Although to publish in a newspaper of a white woman that she is a Negro imputes no mental, moral or physical fault for which she may justly be held accountable to public opinion, yet in view of the social habits and customs deep-rooted in this State, such publication is calculated to affect her standing in society and to injure her in the estimation of her friends and acquaintances.

That such a publication is libelous per se is supported by the very great weight of authority.

*514 At 53 C.J.S., Libel and Slander, § 27, p. 69, we find that "to publish of a white man that he is a Negro, that he has Negro blood, or that he is colored is libelous per se."

It is stated at 33 Amer. Juris., 76, that "according to the weight of authority a charge that a white person is a Negro or mulatto, or is tainted with Negro blood, is actionable per se."

We read, at 50 A.L.R. 1413, that "the great weight of authority in the cases involving charges that the plaintiff is of African origin is that such an imputation is actionable per se."

In the recent case of Natchez Times Publishing Company v.

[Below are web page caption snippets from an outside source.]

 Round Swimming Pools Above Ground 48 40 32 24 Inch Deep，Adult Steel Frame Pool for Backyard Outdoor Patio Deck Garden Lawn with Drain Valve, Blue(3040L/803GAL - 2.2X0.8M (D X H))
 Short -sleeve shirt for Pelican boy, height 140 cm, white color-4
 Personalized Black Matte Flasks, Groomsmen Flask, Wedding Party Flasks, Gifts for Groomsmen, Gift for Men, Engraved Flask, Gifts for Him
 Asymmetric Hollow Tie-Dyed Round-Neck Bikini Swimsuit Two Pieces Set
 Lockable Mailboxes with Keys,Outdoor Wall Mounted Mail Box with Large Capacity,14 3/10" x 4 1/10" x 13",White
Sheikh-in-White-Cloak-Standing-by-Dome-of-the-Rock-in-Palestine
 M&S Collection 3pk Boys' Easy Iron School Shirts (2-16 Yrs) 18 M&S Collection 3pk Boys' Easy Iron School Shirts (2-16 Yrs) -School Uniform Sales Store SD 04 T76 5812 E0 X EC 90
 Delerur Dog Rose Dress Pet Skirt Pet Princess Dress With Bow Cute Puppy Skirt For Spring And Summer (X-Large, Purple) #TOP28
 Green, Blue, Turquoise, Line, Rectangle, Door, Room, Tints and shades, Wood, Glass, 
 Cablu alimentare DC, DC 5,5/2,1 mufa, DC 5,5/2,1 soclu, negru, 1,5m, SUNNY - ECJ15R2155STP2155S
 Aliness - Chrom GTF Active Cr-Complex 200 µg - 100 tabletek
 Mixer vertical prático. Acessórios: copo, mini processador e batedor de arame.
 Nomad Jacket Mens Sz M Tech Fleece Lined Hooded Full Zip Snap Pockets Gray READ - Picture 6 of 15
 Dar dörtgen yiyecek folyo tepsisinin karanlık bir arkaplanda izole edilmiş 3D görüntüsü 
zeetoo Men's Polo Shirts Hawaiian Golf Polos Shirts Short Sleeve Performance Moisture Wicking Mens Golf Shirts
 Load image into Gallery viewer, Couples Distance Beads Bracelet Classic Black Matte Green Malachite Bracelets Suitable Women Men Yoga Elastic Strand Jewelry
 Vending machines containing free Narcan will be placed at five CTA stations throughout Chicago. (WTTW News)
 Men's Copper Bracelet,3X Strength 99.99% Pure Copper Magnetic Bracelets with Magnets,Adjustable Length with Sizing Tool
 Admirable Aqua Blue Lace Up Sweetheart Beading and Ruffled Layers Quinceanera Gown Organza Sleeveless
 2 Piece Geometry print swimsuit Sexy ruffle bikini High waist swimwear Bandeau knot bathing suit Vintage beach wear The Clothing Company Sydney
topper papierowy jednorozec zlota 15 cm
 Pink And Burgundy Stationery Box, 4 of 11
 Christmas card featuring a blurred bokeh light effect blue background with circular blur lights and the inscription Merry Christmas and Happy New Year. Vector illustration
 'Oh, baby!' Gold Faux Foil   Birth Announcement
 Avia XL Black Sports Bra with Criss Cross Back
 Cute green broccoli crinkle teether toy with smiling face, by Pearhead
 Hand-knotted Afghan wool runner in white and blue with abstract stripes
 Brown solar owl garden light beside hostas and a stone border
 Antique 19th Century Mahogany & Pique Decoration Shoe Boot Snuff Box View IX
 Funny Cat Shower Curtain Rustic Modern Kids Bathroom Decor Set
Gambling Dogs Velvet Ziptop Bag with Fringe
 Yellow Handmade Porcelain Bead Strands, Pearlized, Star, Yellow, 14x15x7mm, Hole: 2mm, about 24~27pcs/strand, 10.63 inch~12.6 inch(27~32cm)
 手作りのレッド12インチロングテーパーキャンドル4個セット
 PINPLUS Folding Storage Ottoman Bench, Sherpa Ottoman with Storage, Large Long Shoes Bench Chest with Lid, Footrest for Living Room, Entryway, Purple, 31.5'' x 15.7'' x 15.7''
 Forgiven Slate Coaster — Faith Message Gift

Dunigan, 221 Miss. 320, 72 So. (2d) 681, 684, it is said that "the general rule seems to be that to write of a white person that he or she is a Negro is libelous per se."

Among other cases to the same effect may be cited Upton v. Times-Democrat Publishing Company, 104 La. 141, 28 So. 970; Hargrove v. Oklahoma Press Publishing Company, 130 Okl. 76, 265 P. 635; Stultz v. Cousins, 6 Cir., 242 F. 794, 155 C.C.A. 382; Spotorno v. Fourichon, 40 La. Ann. 423, 4 So. 71; Morris v. State, 109 Ark. 530, 160 S.W. 387; Spencer v. Looney, 116 Va. 767, 82 S.E. 745; and Mopsikov v. Cook, 122 Va. 579, 95 S.E. 426.

We think that the case should have been submitted to the jury, and that there should be a new trial. Accordingly, the judgment of the circuit court is reversed.

STUKES, C.J., and TAYLOR, OXNER and MOSS, JJ., concur.